Four key assumptions guide how to interpret narratives.
When Your Text Is a Story
Image: Catherine Falls Commercial / Getty

How do we preach a story, anyway? Simply tell it from beginning to end and then make application? Break the story into parts with lessons for each? Can we approach the process as we might a New Testament epistle, distilling general principles and preaching deductively? Paul Borden says, Absolutely not! We must interpret and preach narrative texts in a unique manner. Paul Borden looks at how to preach narrative texts in a way that honors story form.

When Mommy or Daddy began, "Once upon a time," we listened. We learned early that stories caused us to stop what we were doing and to pay attention to the storyteller. Instinctively we knew we lived life in narrative. Story, like breathing or thinking, is an intrinsic part of our existence. We daydream, plot, criticize, hope, and visualize ambitions in story form.

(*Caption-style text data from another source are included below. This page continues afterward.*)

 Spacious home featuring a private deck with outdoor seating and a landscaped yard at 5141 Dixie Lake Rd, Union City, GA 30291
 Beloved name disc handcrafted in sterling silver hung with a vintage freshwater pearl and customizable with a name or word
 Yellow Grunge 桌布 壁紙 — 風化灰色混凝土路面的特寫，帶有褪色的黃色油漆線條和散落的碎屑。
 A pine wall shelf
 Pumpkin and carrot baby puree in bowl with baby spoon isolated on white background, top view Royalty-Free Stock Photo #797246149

No one lives life deductively.

Perhaps this is why our Creator designed much of biblical revelation to be written in story form. Jesus Christ, who preached didactic sermons and taught deductively, was also well known for his stories. The human authors God employed to instruct the church about Jesus Christ's life and ministry thought it wise to choose story as their predominate means of communication.

Yet today the preponderance of sermons, especially those preached by individuals who champion biblical authority and integrity, are not given in story form and are seldom based on narrative passages. There often appears to be a studied avoidance of narrative combined with a rhetorical form that communicates ineffectively to audiences saturated by an electronic media.

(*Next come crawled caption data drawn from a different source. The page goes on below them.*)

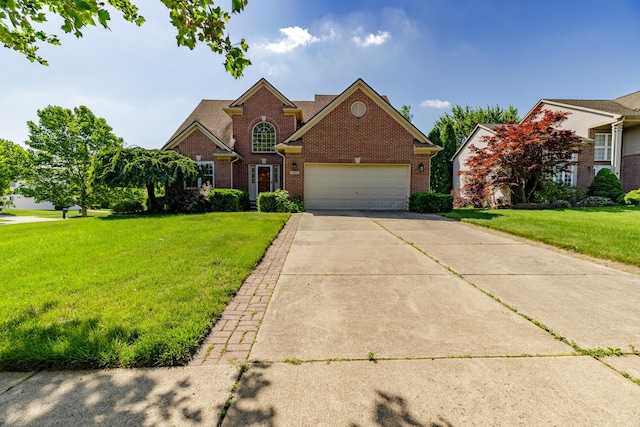 2683 Mystic Dr, Ann Arbor, MI 48103 - traditional home featuring brick siding, an attached garage, a front yard, and driveway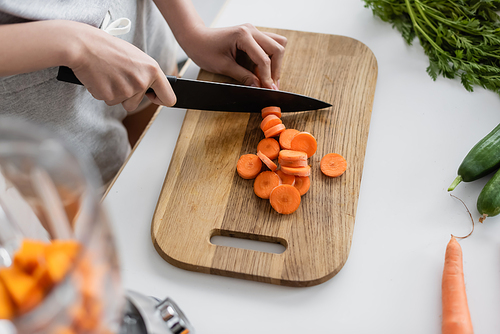 partial view of woman cutting raw carrot near fresh cucumbers on kitchen table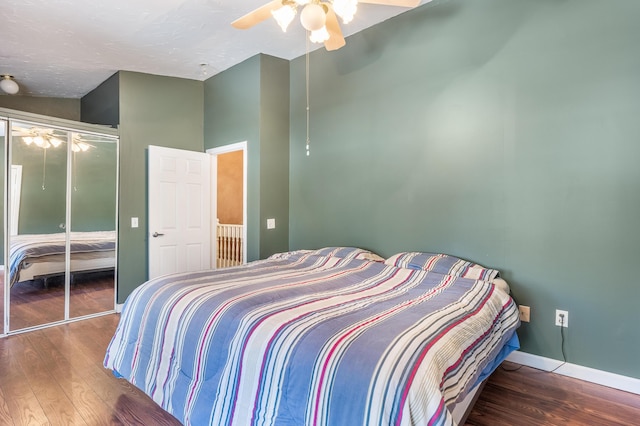 bedroom featuring a ceiling fan, wood finished floors, baseboards, a closet, and a textured ceiling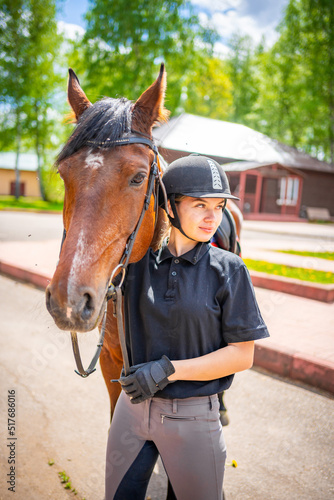 Lovely young woman wearing helmet stroking to her brown horse © dtatiana
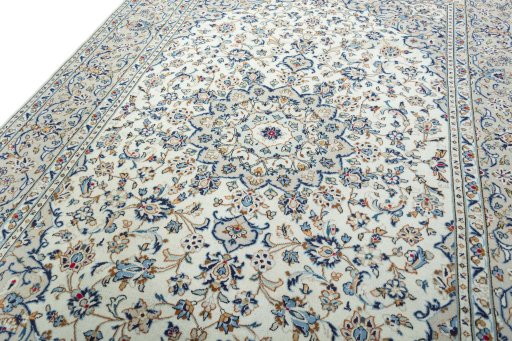 Backside of handmade 2000s Kashan rug showing knot structure and weave density
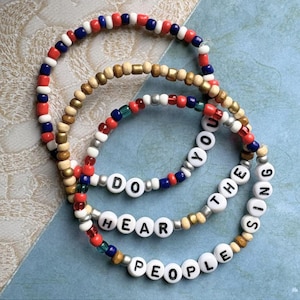 May include: Set of four beaded bracelets with the words "Do you hear the people sing" spelled out in white beads. The bracelets are made with red, white, blue, gold, and green beads.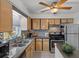 Bright kitchen featuring stainless steel appliances, mosaic backsplash, and plenty of cabinets at 10008 Daffodil N St # 186, Pinellas Park, FL 33782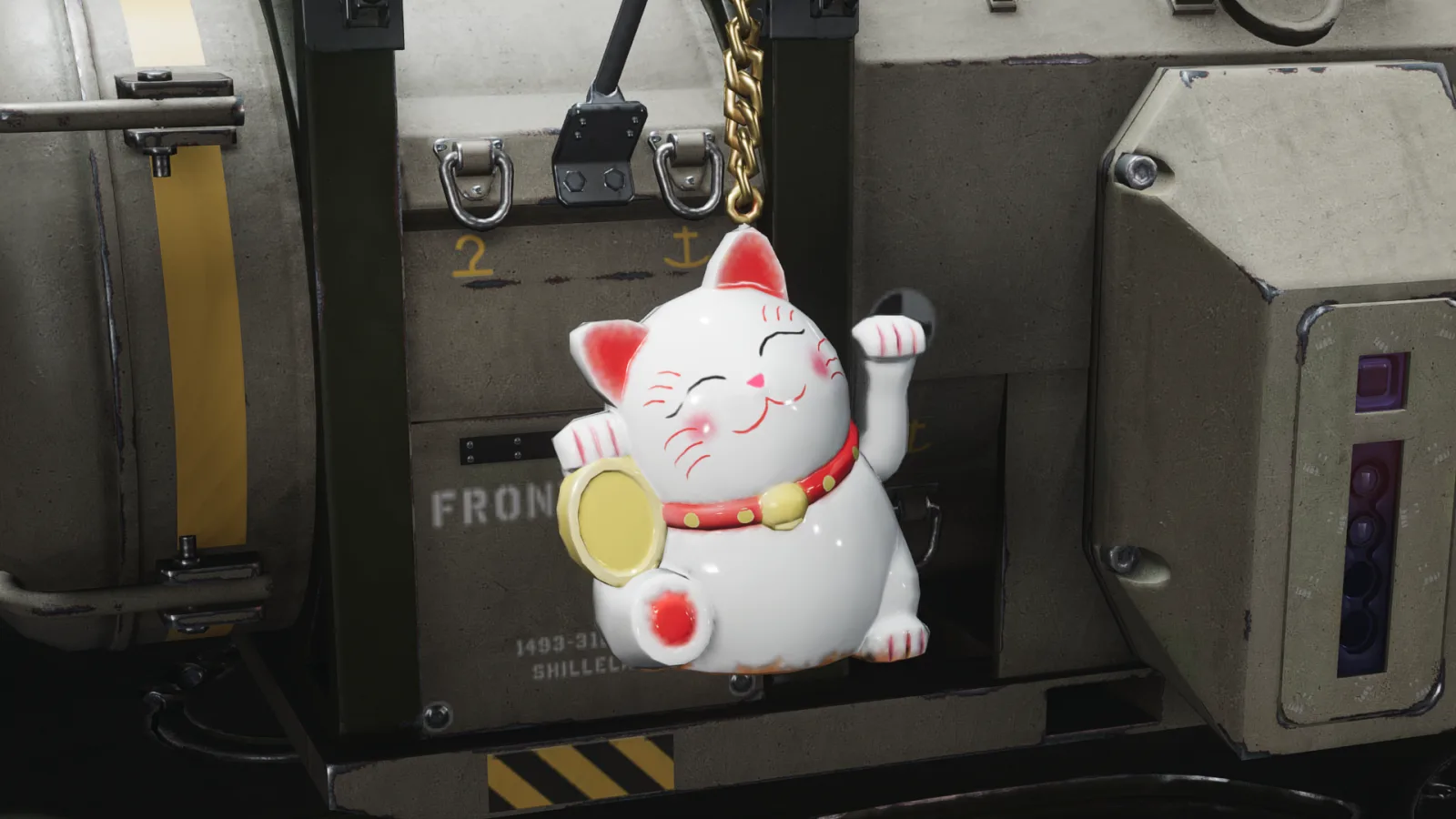 A charm shaped like a cat figure with one paw raised in a waving pose, hanging by a chain from the side of a vehicle.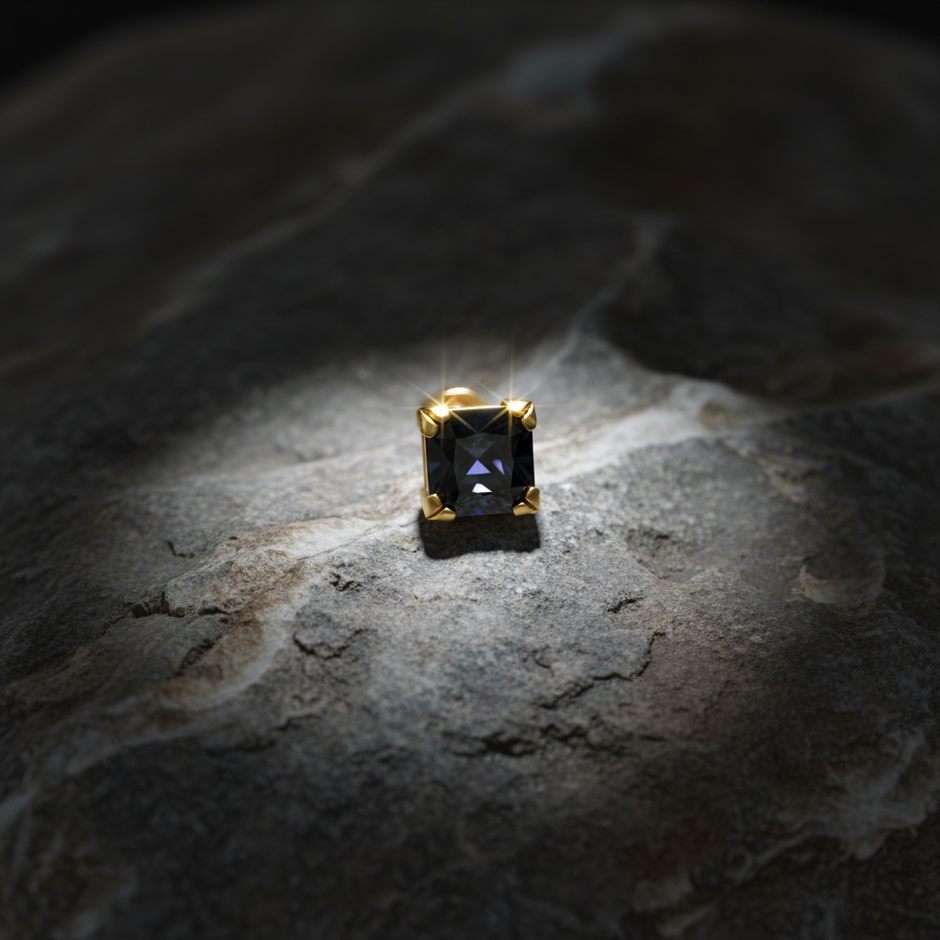 Black gemstone stud on rock with sparkle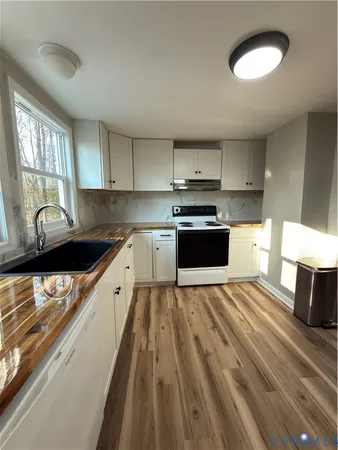 a large kitchen with stainless steel appliances granite countertop a stove a sink and a granite counter tops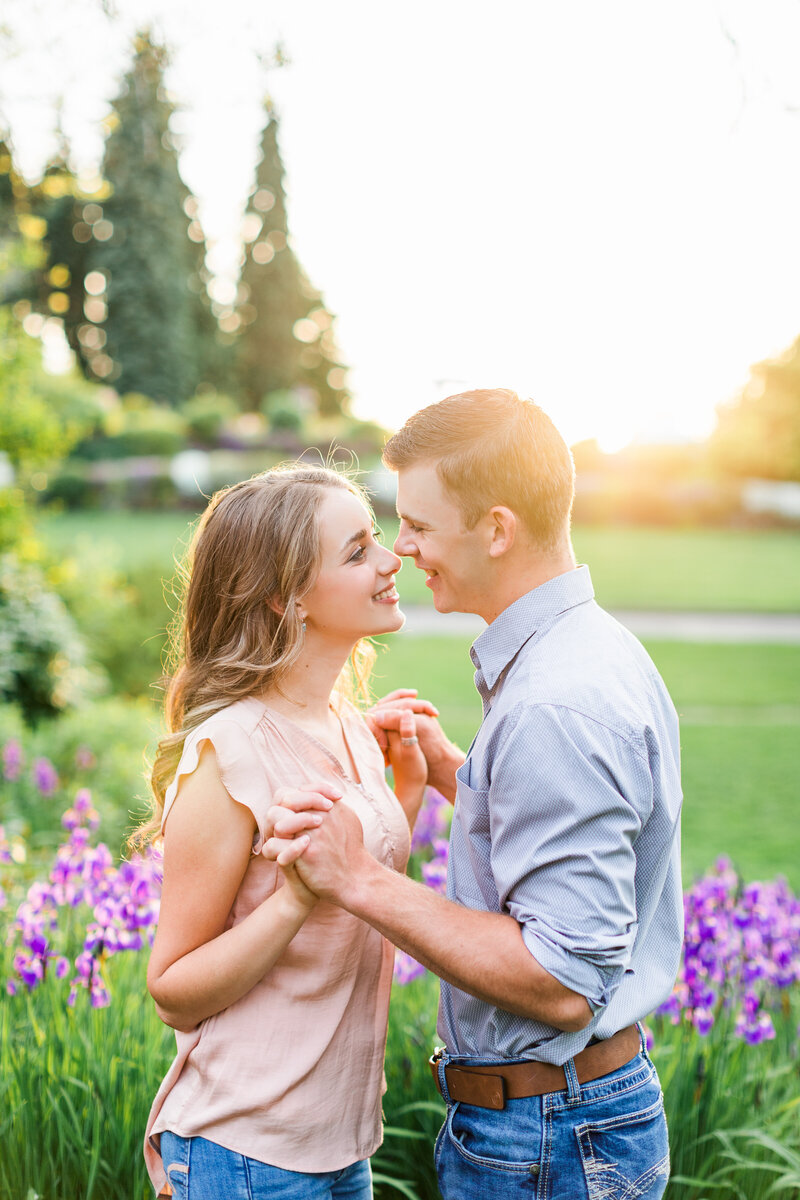 Young couple shares a kiss surrounded by summer blooms at Manito Park as golden sunlight filters through the trees.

Why We Rarely Preach Stories

I believe there are at least two major reasons for the paradox. First, preachers are convinced that abstract truth cannot be communicated well in story form. Second, many preachers are not trained to discover the big idea of a story and then communicate that story without violating the narrative genre.

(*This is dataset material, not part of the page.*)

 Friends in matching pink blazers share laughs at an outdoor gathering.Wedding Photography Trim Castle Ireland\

The reason preachers often fail to value stories as media of theological and biblical truth is that our literate technological culture has convinced us that truth cannot be communicated in this manner. Stories may be used to illustrate truth but not communicate it.

While analytical and logical presentation are sometimes required and beneficial, preachers should recognize that the screenwriter and director do more to influence today's North American culture than the philosopher. Perhaps this is why story seems to be God's favorite medium of written revelation. Perhaps he understood that the storyteller communicates truth more widely than the theologian.

The second reason many preachers either avoid stories or handle them poorly is due to poor modeling and training. In the past, preachers tended to treat stories as allegories or illustrations of preconceived theological ideas gained from didactic passages. Such preachers did not understand narrative literature and were not taught to interpret it. This lack of training continues to the present. Seminaries seldom if ever offer required courses in the exegesis and preaching of stories. Most require exegetical courses focused on didactic material, which do not train students to understand and communicate narrative literature. In fact, frequently the methodologies that enable us to understand didactic literature inhibit us from understanding narrative literature.

One example of the inability of poorly trained preachers to handle narrative is the constant inconsistency of turning description into prescription.

In light of these observations, I would like to offer an exegetical method designed to discover the big ideas communicated in biblical stories. This will be covered in part two of this three part series. In part three, I want to suggest a way to preach these stories in current-day homiletical styles that will not violate the truth of the story or its development in narrative genre. In this first installment, we will look at the important assumptions that underlie my method.

My Perspective on Biblical Narratives

Four assumptions underlie this exegetical method.

1. The first assumption relates to the historical orthodox position of inspiration, which holds that God and humans were both extensively and equally involved in the production of Scripture. This means that when God chose to reveal truth through narratives, he selected highly competent storytellers. These individuals developed this form of literature artfully and skillfully.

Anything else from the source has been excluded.